Assume that $A\ne 0$. We have \begin{align*} |A|&=\dfrac{1}{b-a}\left|\int_{a}^{b}f(x)dx\right|\leq\dfrac{1}{b-a}\int_{a}^{b}|f(x)|dx\leq\dfrac{1}{b-a}\int_{a}^{b}|A|dx=|A|, \end{align*} so \begin{align*} \dfrac{1}{b-a}\int_{a}^{b}(|A|-|f(x)|)dx=0, \end{align*} but $|A|-|f(\cdot)|\geq 0$ and $|A|-|f|$ is continuous, one has $|f|=A$.

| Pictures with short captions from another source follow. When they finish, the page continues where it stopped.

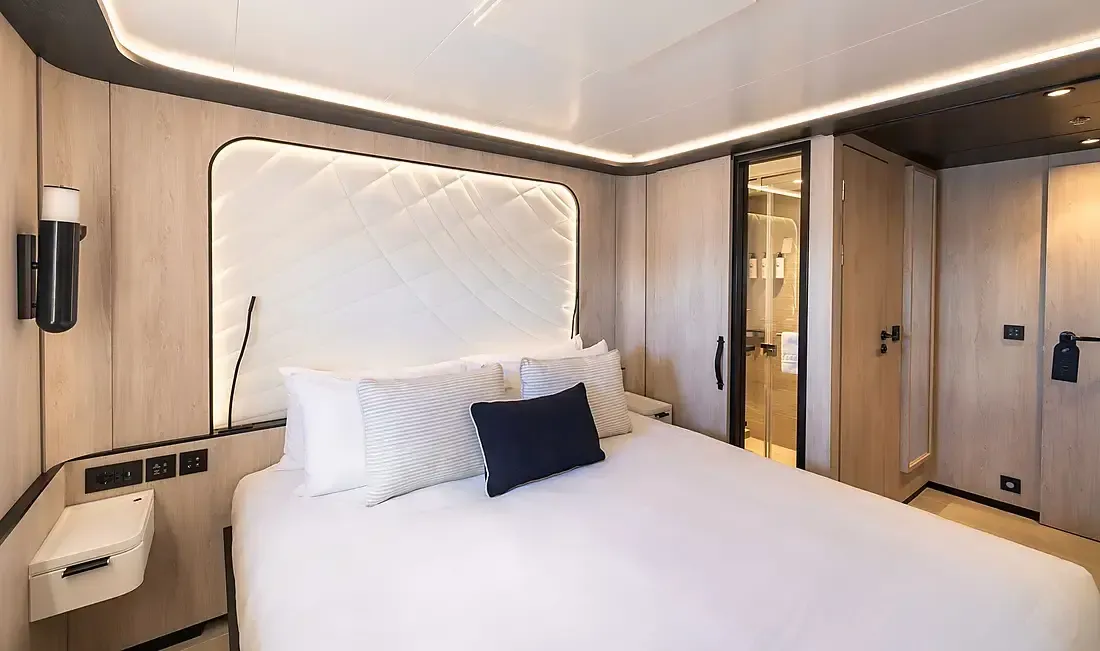 Ponant_Cruises_Oceanview_Stateroom_e4cb7e5ce5.webp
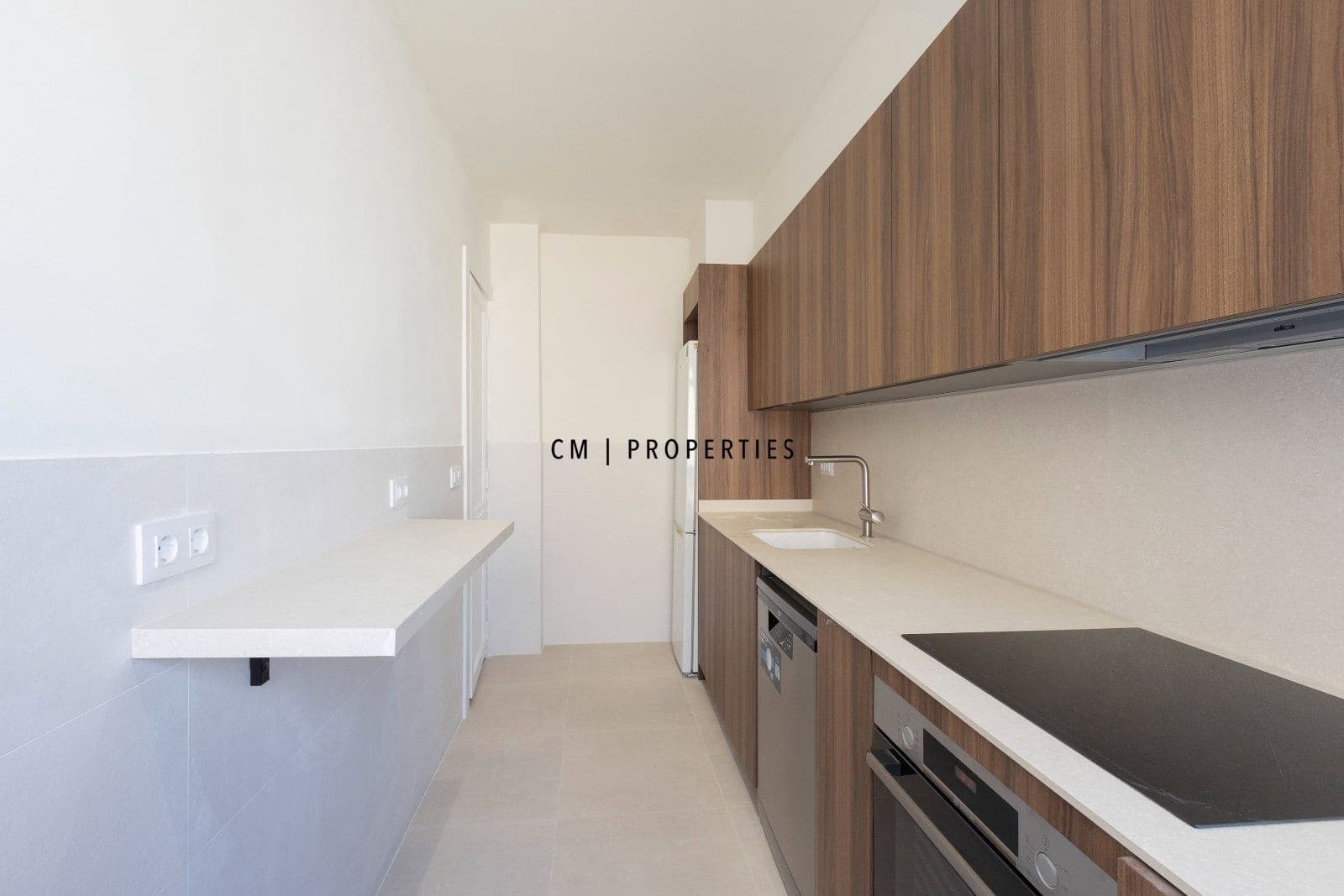 3 quarto Apartamento para arrendar em Valencia cidade - 1 900 € (Ref: 10175627)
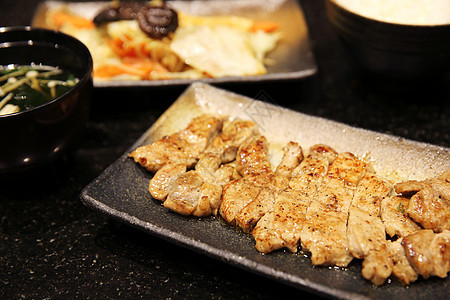 牛肉和蔬菜 日本日式烹饪食物厨师餐厅炒饭炙烤烧烤火焰牛扒美食水平图片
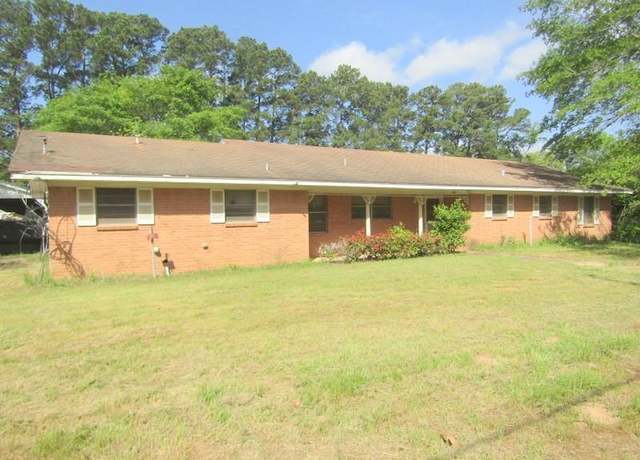 Property at 509 N Olive St, Grapeland, TX 75844, 2 beds, 2.5 baths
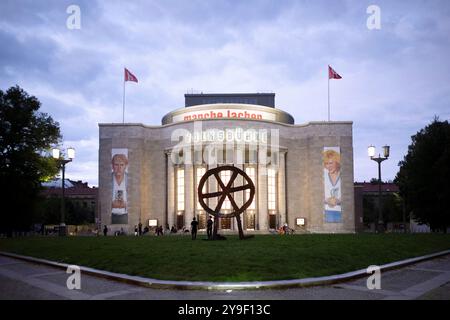 Volksbuehne Berlin DEU, Deutschland, Allemagne, Berlin, 05.10.2024 Aussenansicht der Volksbuehne am Rosa-Luxemburg Platz in Berlin Deutschland . Die Volksbühne in Berlin-Mitte bekommt nach dem TOF von Rene Pollesch eine neue Leitung , das Deutsch-norwegische Kuenstlerduo Vegard Vinge und Ida Mueller Müller sollen interimsmaessig die Intendanz uebernehmen Architekt Oskar Kaufmann en : vue extérieure de la Volksbuehne sur Rosa-Luxemburg Platz à Berlin Allemagne . Le Volksbühne de Berlin-Mitte reçoit une nouvelle direction après le départ de René Pollesch, le duo d’artistes germano-norvégien Vegard vin Banque D'Images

Now we let $z$ be a complex number such that \begin{align*} zA=z\cdot\dfrac{1}{b-a}\int_{a}^{b}f(x)dx\geq 0, \end{align*} by writing $zf=u+iv$ for real $u,v$, then \begin{align*} |A|=\dfrac{1}{b-a}\left|\int_{a}^{b}f(x)dx\right|=\dfrac{1}{b-a}\int_{a}^{b}zf(x)dx=\dfrac{1}{b-a}\int_{a}^{b}u(x)dx+i\dfrac{1}{b-a}\int_{a}^{b}v(x)dx, \end{align*} so \begin{align*} \int_{a}^{b}v(x)dx=0, \end{align*} and hence \begin{align*} |A|\leq\dfrac{1}{b-a}\int_{a}^{b}u^{+}(x)dx\leq\dfrac{1}{b-a}\int_{a}^{b}|f(x)|dx=|A|, \end{align*} hence \begin{align*} \int_{a}^{b}(|f(x)|-u^{+}(x))dx=0, \end{align*} once again $|f(\cdot)|-u^{+}(\cdot)\geq 0$, so $|f|=u^{+}$. Then $u^{+}+u^{-}=|u|\leq|f|=u^{+}$ implies $u^{-}=0$. Also, $|f|^{2}=(u^{+})^{2}+|v|^{2}=|f|^{2}+|v|^{2}$ implies $v=0$, so $zf=u^{+}=|f|=|A|$.
Substitute $f=z^{-1}|A|$ into \begin{align*} A=\dfrac{1}{b-a}\int_{a}^{b}f(x)dx, \end{align*} one gets $z^{-1}=\dfrac{A}{|A|}$, so $f=A$.